In this year when a record percentage of people are going online for political coverage, women who want equality on the web — and by that, apparently, they mean getting as many calls from the mainstream media as well as ad revenue from their blogs -- might want to consider whether there’s really a glass ceiling, or whether they themselves have shut out a wider, more profitable audience. The internet’s 50 most influential women have figured out something that you, apparently, have not.
Call yourselves "Mommy Bloggers" if you want, organize conferences and "online communities for women," and attend conferences supposedly about technology but write only about the "hunky" celebrity chef's cooking demonstration or the cocktail
parties. But don’t blame over half of the internet — in other words men, as well as women looking for serious news coverage — if they assume you aren’t going to offer anything they’re interested in.
It’s not because you’re a female. It’s because you bore them.
What Katherine Berry is saying is, write about subjects of general interest. If the daily tedium of your humdrum existence is boring to you, what makes you think anyone else would be interested?
But wait a minute, ladies -- I feel a rant coming on. Because you know what you people remind me of?
"Writers." That is to say, the type of pretentious fakes who enjoy thinking of themselves as "writers," because that's so much more glamorous and prestigious than having an actual job, even if that actual job might involve ... writing.
"Writers" are people who spend more time going to workshops and seminars and conferences than they spend actually ... writing.
"Writers" count themselves a success if their poem or short story gets published in some "little magazine" that only exists because its editors are academics who've managed to get a bunch of college libraries to subscribe to their literary quarterly, so it has a "circulation" that doesn't actually circulate, but just sits gathering dust on college library shelves.
"Writers" dream of getting published in Harper's or something like that, so that their name might one day be listed in the same index as the big-name "writer" who spoke to the break-out session at a "writers conference" they paid $400 to attend in 1997.
"Writers" don't want to get jobs at newspapers or magazines where (God forbid) they might have to take orders from a boss and do unglamorous stuff they don't want to do, like go cover a school-board meeting or compile "community calendar" items or do any of the other dull-as-dirt stuff that I did for years at low pay for long hours under miserable conditions while trying to work my way up the ladder in a business that -- I don't know if you've noticed this or not -- has been in meltdown mode for the past 10 years.
Oh, no -- they're "writers" and they can't be bothered to do any work that a profit-oriented operation might actually pay them to do. They'd rather sit around bitching and moaning because their latest short story got rejected somewhere, and then go chitchat at another seminar or workshop, just so that when someone asks them what they do, they can have the pleasure of answering, "I'm a writer."
No, you're a fraud, is what you are. You're as phony as that dude at the bar trying to tell me he's in the CIA and has a blackbelt in the martial arts. "Writers" are the Nigerian scam artists of the literary world.
And pretty much the same thing can be said for people who maintain blogs purely for the pleasure of telling other people they're "bloggers." It's a status hobby, a faux career, the Internet equivalent of "writers" whose greatest accomplishment is to be included in one of those stupid short-story anthologies that nobody ever reads.
You self-styled "women bloggers" are merely the most annoying subset of this variety of online chaff. You think that a pair of ovaries entitles you to some special distinction: Oh, I am a mighty champion of my gender, a crusader for The Sacred Cause of Womanhood!

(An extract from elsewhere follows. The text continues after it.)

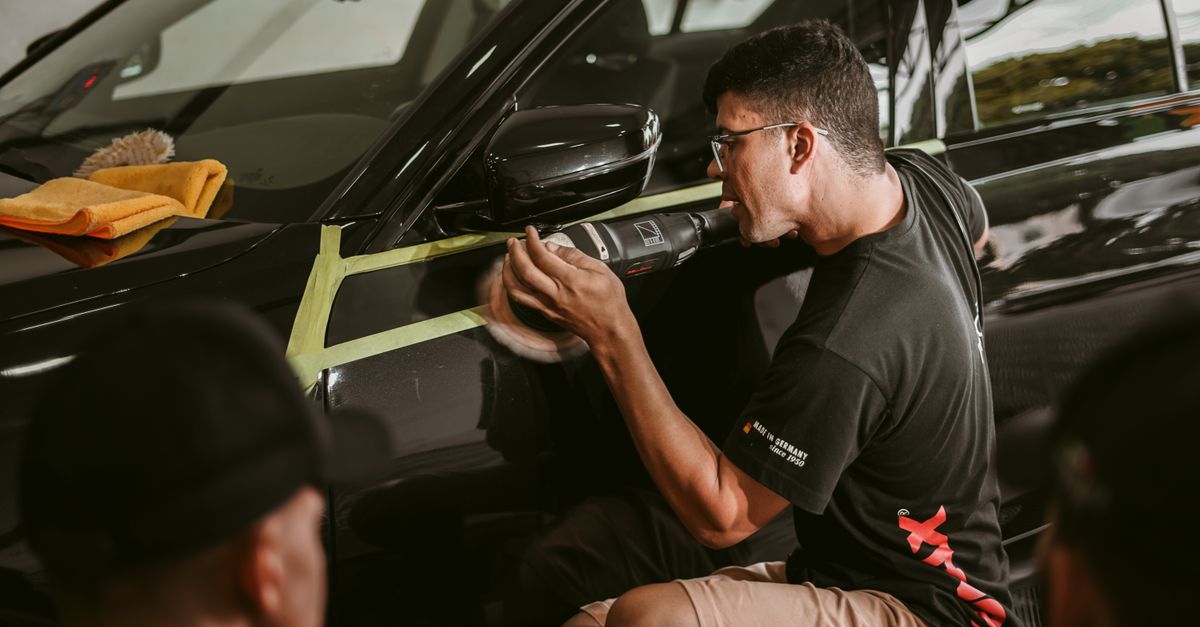 A professional auto detailer polishing the hood of a car in a bright detailing bay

Whine your way into the pages of the New York Freaking Times, then bitch because you're not taken seriously enough? It's a scam, a hustle, a racket -- "discrimination" and "inequality" as euphemisms for the "me, my, mine" of a selfishness that refuses to condescend to the fee-for-service arrangements of the workaday world where us mere mortals have to scratch out our livings.
Well, you can't run that crap on me, sister. Just because you're a woman phony doesn't make you any less of a phony, and you cannot compel my respect as if you were entitled to it.
Good gravy, baby. You're quite eager to open a can of worms, aren't you?
ReplyDeleteWhile I appreciate the link love, you make it sound like we women only attend BlogHer for the cocktail parties.
Perhaps some of us do. But most of us do not. The Thursday before the conference is all about relaxing, meeting new bloggers and reconnecting with our friends.
If that happens to be at cocktail parties, so be it. What's the big deal? It's no different then men meeting after work for Happy Hour drinks.
The only difference is we Mommybloggers don't get to do it as often as our male counterparts. We have children to raise and housework to do, right?
God forbid if we actually enjoy ourselves and, gasp, blog about it.
I'm sure you'll be happy to see my post from today highlighting some of my favorite panels from the conference.
Of course I wouldn't want to bore you, so I won't be offended if you don't visit my blog or link to me again.
:)
So nice to see a man linking to the blogs of women!